If you don't want to change your client code, you can simply override offsetSet in your ColumnCollection:

public function offsetSet($index, $newValue)
{
    if ($index === null && $newValue instanceof Column) {
        return parent::offsetSet($newValue->name, $newValue);
    }
    return parent::offsetSet($index, $newValue);
}

This way, doing $collection[] = $column would automatically add the $column by name. See http://codepad.org/egAchYpk for a demo.

If you use the append() method to add new elements, you just change it to:

public function append($newValue)
{
    parent::offsetSet($newValue->name, $newValue);
}

However, ArrayAccess is slower than native array access, so you might want to change your ColumnCollection to something like this:

class ColumnCollection implements IteratorAggregate 
{
    private $columns = []; // or SplObjectStorage

    public function add(Column $column) {
        $this->columns[$column->name] = $column;
    }

    public function find($name) {
        return isset($this->data[$name]) ? $this->data[$name] : null;
    }

    public function getIterator()
    {
        return new ArrayIterator($this->data);
    }
}
Gordon
  • 312,688
  • 75
  • 539
  • 559
1

I replaced the iterator method calls with a loop on a copy of the array. I presume this gives direct access to the internal storage since PHP implements copy-on-write. The native foreach is much faster than calling rewind(), valid(), current(), and next(). Also pre-calculating the strtolower on the Column object helped. This got performance down from 35% of cycles to 0.14%.

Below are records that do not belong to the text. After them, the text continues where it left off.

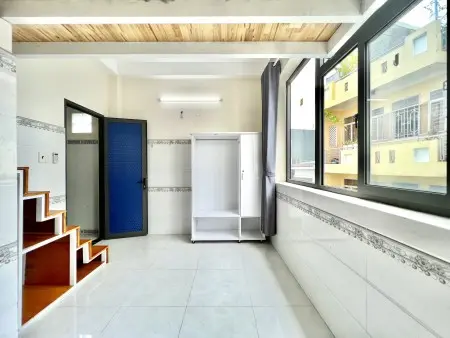 Phòng Có Gác Cửa Sổ Lớn - Bùi Đình Túy Full Tiện Nghi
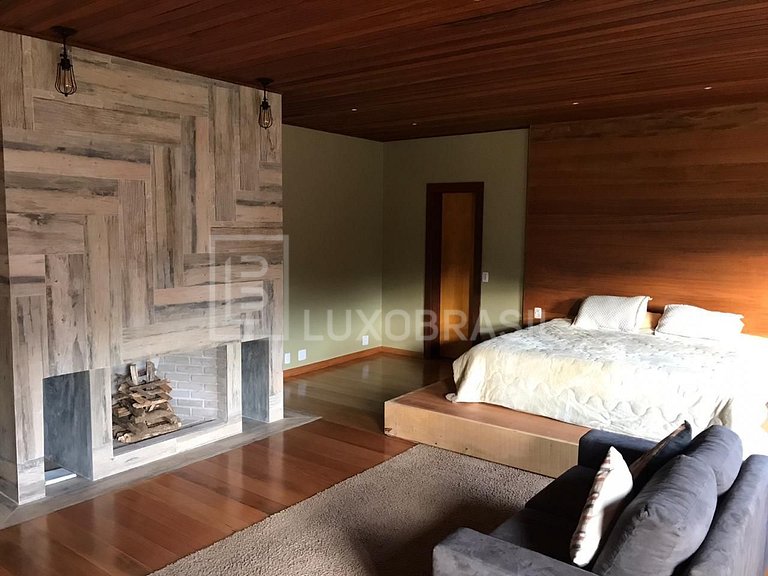 Sitio em Teresópolis com 2 casas #731
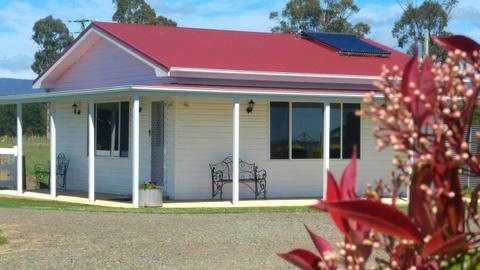 Little Sunnyside Accommodation Cottage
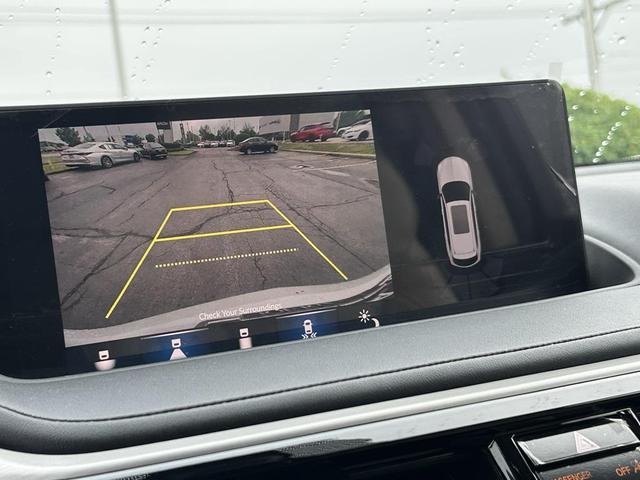Photo of 2024 Platinum White Pearl Acura MDX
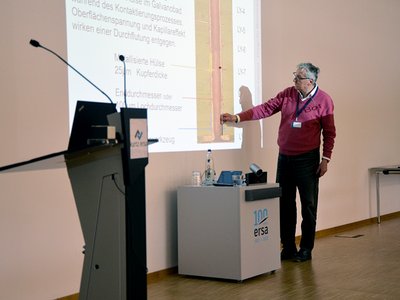 Arnold Wiemers, Geschäftsführer der LeiterplattenAkademie in Berlin, referiert über CAD-Design, Leiterplattentechnologie und Basismaterialien für die Elektronikfertigung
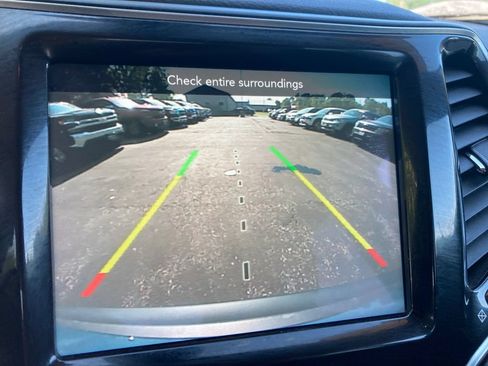 Used 2019 Jeep Cherokee Limited AWD/4WD image 28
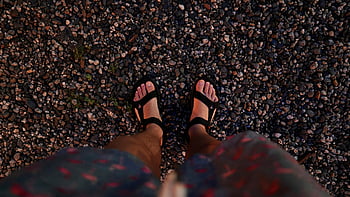 piedi, sandali, pietre, pantaloncini da bagno, uomo, calzature, ghiaia, rocce, guarda giù, gambe, sensazione di vacanza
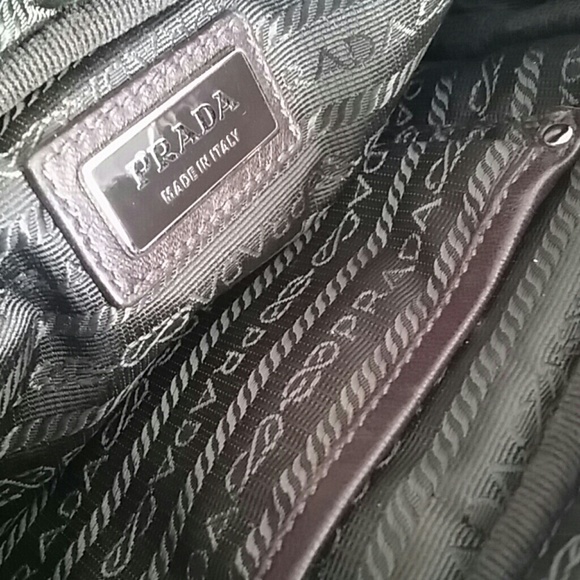 PRADA CROSSBOSY, AUTHENTIC - Picture 3 of 4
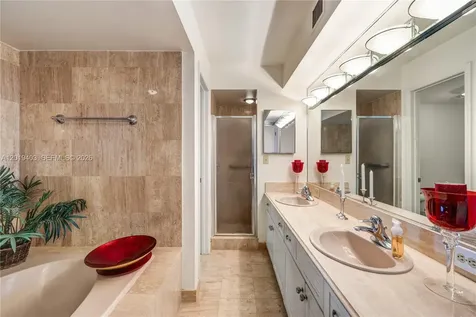 2843 S Bayshore Drive Miami FL 33133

public function find($name)
{
    $return = null;
    $name = trim(strtolower($name));
    /** @var Column $column */
    foreach ($this->getArrayCopy() as $column) {
        if ($column->nameLower === $name) {
            $return = $column;
            break;
        }
    }

    return $return;
}

Also experimenting with @Gordon's suggestion of using an array keyed on name instead of using the internal storage. The above is working well for a simple drop-in replacement.

Matt S
  • 14,976
  • 6
  • 57
  • 76